__ACTIVITY__. With the pictures set aside, write out all of the data exactly as it stands.

__DATA SEGMENT__.
□ □ □

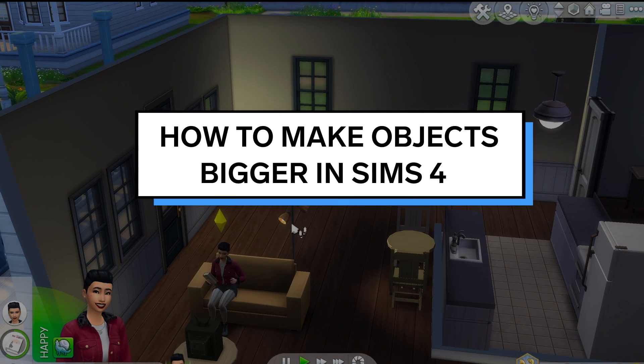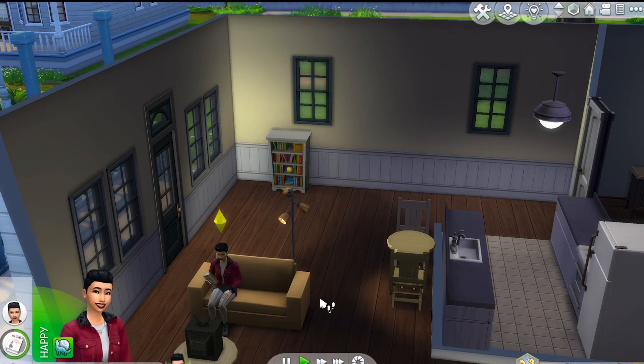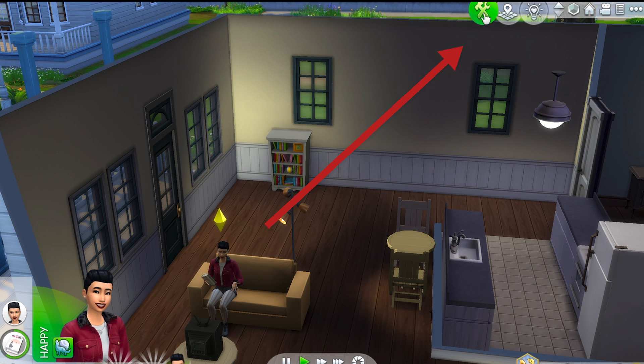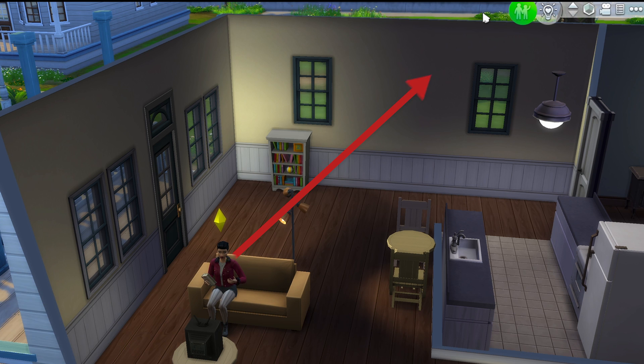In this video, we will show you how to change the size of objects in the Sims 4. First, go into build mode.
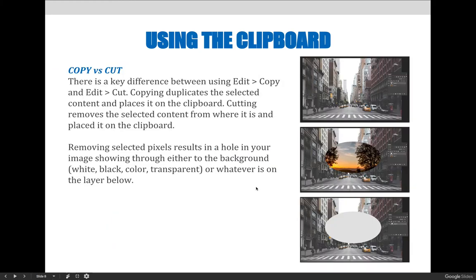Copy versus cut is key. If you copy something, you're just making a copy of it. In most cases it doesn't matter whether you're copying or cutting — you're going to get the same result, because you're making a duplicate of what you want to use, then going somewhere else and pasting it.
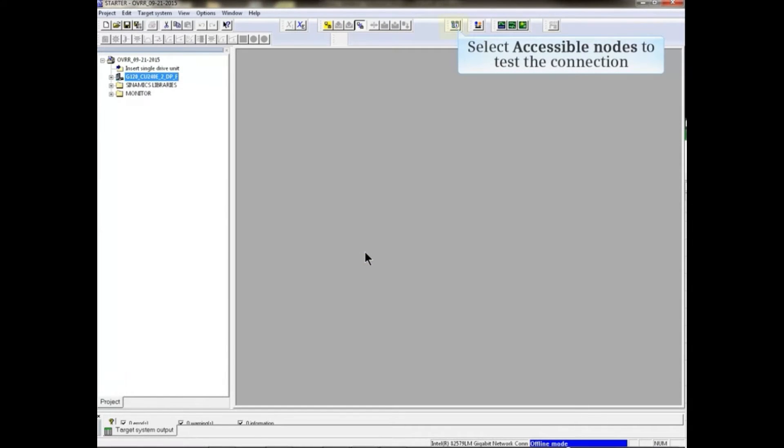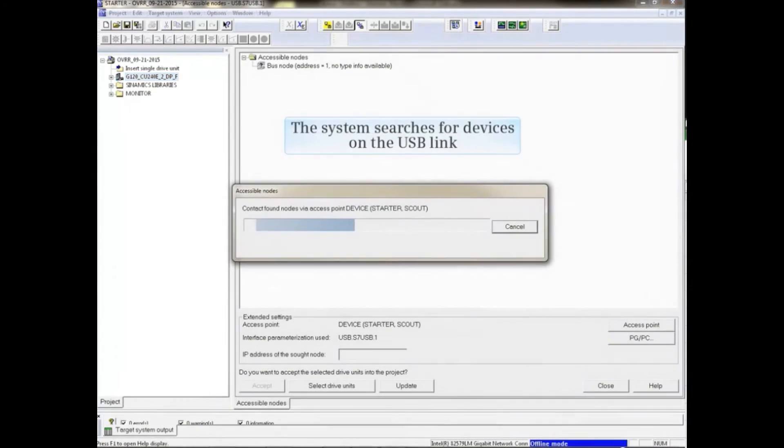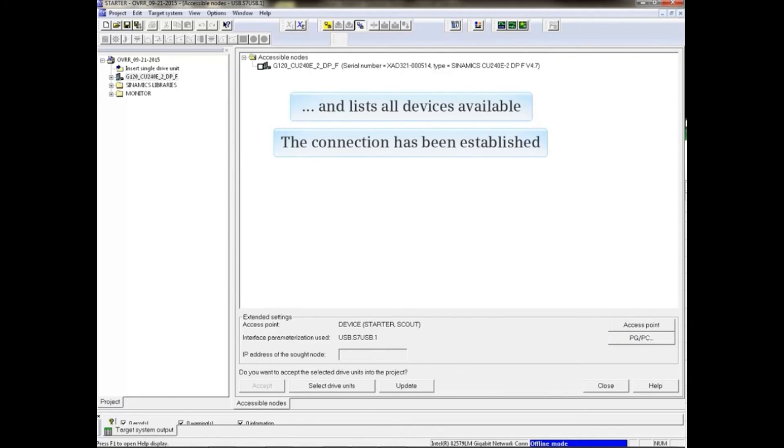To test the connection, click the Accessible Nodes icon. The system searches for devices on the USB link and lists all devices available. The connection has been established.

□ □ □

__ANSWER TO THIS EXERCISE__.
In this video, we will show you how to change the size of objects in the Sims 4. First, go into build mode.
Copy versus cut is key. If you copy something, you're just making a copy of it. In most cases it doesn't matter whether you're copying or cutting — you're going to get the same result, because you're making a duplicate of what you want to use, then going somewhere else and pasting it.
To test the connection, click the Accessible Nodes icon. The system searches for devices on the USB link and lists all devices available. The connection has been established.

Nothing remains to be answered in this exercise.